A Data availability statement for accepted articles has been requested by the Nature Research journals for the past three years1. In this statement, our authors declare how the data behind their published research can be accessed by interested readers, and disclose any potential restriction limiting data sharing. This initiative, aiming at increasing the reproducibility of our papers, has been seamlessly accepted by researchers, who have promptly added this declaration to their manuscripts submitted to the Nature titles. However, in the vast majority of cases data have remained locked up in the authors’ drawers, and allowed to see the light only ‘upon request’.

Credit: Peter Cade/Getty

In their contribution to the Why it Matters column, Natasha Noy, computer scientist at Google Research, and Aleksandr Noy, materials scientist at the Lawrence Livermore National Laboratory in California, USA, reveal that a disappointingly small fraction of the papers published in the first 10 issues of Nature Materials in 2019 provided publicly accessible links to data repositories. Yet for materials scientists there are plenty of good reasons to share data — for instance, their results can be merged with those of other labs to create larger datasets, and used for further statistical analysis or for a better training of machine learning algorithms for materials discovery. In addition, several research funders already mandate the public availability of data generated by the researchers they financially support; similarly, publicly funded large-scale facilities require their users to give unrestricted access to their results. Above all, sharing promotes transparency and pushes scientists to scrutinize their own laboratory practices related to the production, presentation and storage of research output.

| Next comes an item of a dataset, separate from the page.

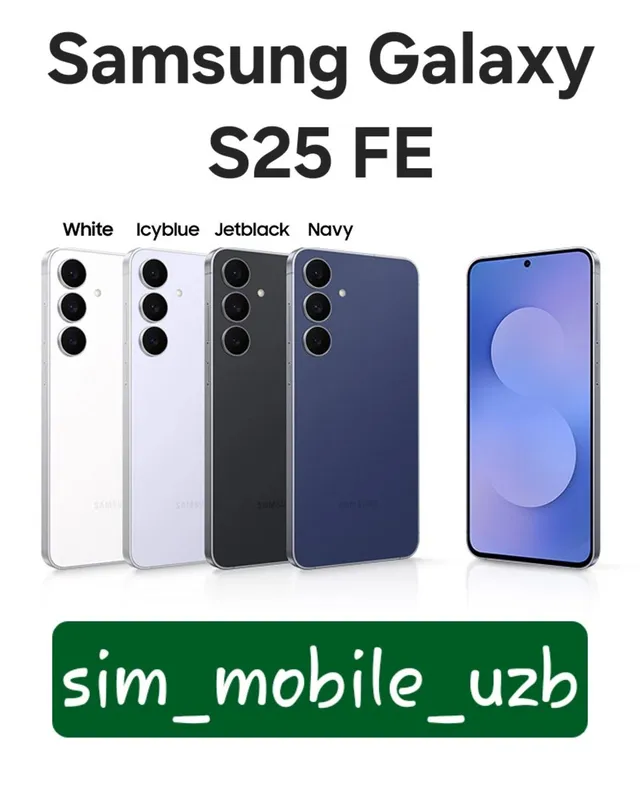 Samsung Galaxy S25 FE (2026) — суперскидка + гарантия + доставка 1 Samsung Galaxy S25 FE (2026) — суперскидка + гарантия + доставка 1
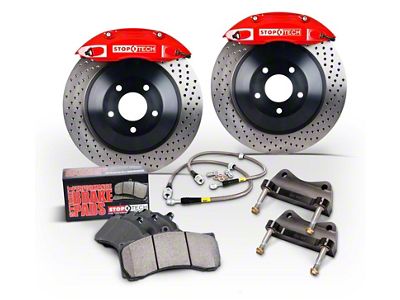 StopTech 13-16 Scion FR-S / 13-19 Subaru BRZ Front Red - 82.827.4200.71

Public repositories, which provide digital identifiers to facilitate proper credit attribution to authors and ensure permanent preservation of the data, are widespread on the Internet. For instance, a list of repositories endorsed by the relevant scientific communities for specific datasets can be found in the Nature Research policies on availability of data (https://www.nature.com/nature-research/editorial-policies/reporting-standards#availability-of-data) — and the list is rapidly growing. Discovery of these datasets is also becoming increasingly easier thanks to the development of dedicated search engines, such as Google Dataset Search (https://toolbox.google.com/datasetsearch), developed by Natasha Noy and her colleagues.

To make the whole process work efficiently, an extra step is needed from researchers. They have to prepare their data in a shareable form and add metadata that describe the data measured, the techniques and experimental conditions used, and other information key to understanding the content provided. Yet Natasha and Aleksandr Noy explain that several repositories are streamlining this procedure by generating such metadata automatically from the details provided by the authors during upload, and other tools are available to generate them independently.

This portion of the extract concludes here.